::: Available data :::

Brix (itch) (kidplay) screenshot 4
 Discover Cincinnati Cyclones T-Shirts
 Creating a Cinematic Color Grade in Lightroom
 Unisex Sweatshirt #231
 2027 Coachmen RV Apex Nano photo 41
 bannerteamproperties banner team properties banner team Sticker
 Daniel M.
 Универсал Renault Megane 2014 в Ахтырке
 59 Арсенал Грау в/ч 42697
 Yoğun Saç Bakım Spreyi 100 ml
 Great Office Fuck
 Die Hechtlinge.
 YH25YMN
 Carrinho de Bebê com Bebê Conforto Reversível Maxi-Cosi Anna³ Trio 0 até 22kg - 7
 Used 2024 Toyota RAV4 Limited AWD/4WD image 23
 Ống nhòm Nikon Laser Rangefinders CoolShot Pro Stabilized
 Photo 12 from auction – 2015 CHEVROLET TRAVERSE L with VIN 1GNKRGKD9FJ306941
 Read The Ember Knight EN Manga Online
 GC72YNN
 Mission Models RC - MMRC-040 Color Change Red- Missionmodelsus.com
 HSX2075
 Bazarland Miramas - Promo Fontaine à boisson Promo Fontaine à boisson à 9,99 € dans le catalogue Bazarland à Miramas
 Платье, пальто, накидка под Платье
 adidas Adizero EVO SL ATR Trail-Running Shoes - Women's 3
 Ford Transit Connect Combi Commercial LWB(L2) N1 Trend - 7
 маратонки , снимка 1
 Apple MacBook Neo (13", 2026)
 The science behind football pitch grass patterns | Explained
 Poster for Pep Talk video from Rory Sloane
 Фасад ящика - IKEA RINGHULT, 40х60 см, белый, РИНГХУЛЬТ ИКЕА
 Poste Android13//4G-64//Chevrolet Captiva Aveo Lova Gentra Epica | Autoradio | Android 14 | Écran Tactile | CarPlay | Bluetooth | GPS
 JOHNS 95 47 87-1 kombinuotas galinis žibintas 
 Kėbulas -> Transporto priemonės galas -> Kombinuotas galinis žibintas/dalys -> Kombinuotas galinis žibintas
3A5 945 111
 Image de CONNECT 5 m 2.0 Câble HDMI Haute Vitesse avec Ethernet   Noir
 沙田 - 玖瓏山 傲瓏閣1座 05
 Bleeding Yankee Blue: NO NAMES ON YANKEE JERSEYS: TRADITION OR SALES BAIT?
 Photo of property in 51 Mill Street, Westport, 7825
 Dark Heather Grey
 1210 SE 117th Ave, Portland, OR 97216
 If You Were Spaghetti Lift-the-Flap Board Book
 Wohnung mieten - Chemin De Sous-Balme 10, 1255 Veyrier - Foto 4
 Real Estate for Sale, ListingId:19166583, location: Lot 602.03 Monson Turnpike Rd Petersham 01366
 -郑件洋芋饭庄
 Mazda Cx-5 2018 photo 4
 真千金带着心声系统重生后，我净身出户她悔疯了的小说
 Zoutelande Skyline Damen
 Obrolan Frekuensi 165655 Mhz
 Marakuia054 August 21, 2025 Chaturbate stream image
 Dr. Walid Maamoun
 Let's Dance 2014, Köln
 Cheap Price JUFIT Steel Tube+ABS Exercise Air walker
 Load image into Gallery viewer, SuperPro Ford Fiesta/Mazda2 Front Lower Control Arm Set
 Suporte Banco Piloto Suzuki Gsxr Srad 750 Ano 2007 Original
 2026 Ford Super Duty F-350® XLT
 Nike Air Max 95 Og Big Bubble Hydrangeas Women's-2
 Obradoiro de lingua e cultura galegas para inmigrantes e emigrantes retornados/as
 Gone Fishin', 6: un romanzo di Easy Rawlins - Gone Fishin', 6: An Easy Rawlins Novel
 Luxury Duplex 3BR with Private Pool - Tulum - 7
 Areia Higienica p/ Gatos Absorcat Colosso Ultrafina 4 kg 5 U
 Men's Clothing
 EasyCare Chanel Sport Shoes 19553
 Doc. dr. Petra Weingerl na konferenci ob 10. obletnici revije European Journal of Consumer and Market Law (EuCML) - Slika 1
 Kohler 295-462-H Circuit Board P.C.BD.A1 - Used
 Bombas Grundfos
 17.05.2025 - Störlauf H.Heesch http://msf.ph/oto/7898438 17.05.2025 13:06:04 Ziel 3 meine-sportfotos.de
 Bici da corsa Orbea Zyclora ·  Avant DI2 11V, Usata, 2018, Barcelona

:::

## What this task involves
Retype, exactly as written, each line from the one that has "真千金带着心声系统重生后，我净身出户她悔疯了的小说" to the bottom of the entries above, and include both of those lines.

## Written solution
 真千金带着心声系统重生后，我净身出户她悔疯了的小说
 Zoutelande Skyline Damen
 Obrolan Frekuensi 165655 Mhz
 Marakuia054 August 21, 2025 Chaturbate stream image
 Dr. Walid Maamoun
 Let's Dance 2014, Köln
 Cheap Price JUFIT Steel Tube+ABS Exercise Air walker
 Load image into Gallery viewer, SuperPro Ford Fiesta/Mazda2 Front Lower Control Arm Set
 Suporte Banco Piloto Suzuki Gsxr Srad 750 Ano 2007 Original
 2026 Ford Super Duty F-350® XLT
 Nike Air Max 95 Og Big Bubble Hydrangeas Women's-2
 Obradoiro de lingua e cultura galegas para inmigrantes e emigrantes retornados/as
 Gone Fishin', 6: un romanzo di Easy Rawlins - Gone Fishin', 6: An Easy Rawlins Novel
 Luxury Duplex 3BR with Private Pool - Tulum - 7
 Areia Higienica p/ Gatos Absorcat Colosso Ultrafina 4 kg 5 U
 Men's Clothing
 EasyCare Chanel Sport Shoes 19553
 Doc. dr. Petra Weingerl na konferenci ob 10. obletnici revije European Journal of Consumer and Market Law (EuCML) - Slika 1
 Kohler 295-462-H Circuit Board P.C.BD.A1 - Used
 Bombas Grundfos
 17.05.2025 - Störlauf H.Heesch http://msf.ph/oto/7898438 17.05.2025 13:06:04 Ziel 3 meine-sportfotos.de
 Bici da corsa Orbea Zyclora ·  Avant DI2 11V, Usata, 2018, Barcelona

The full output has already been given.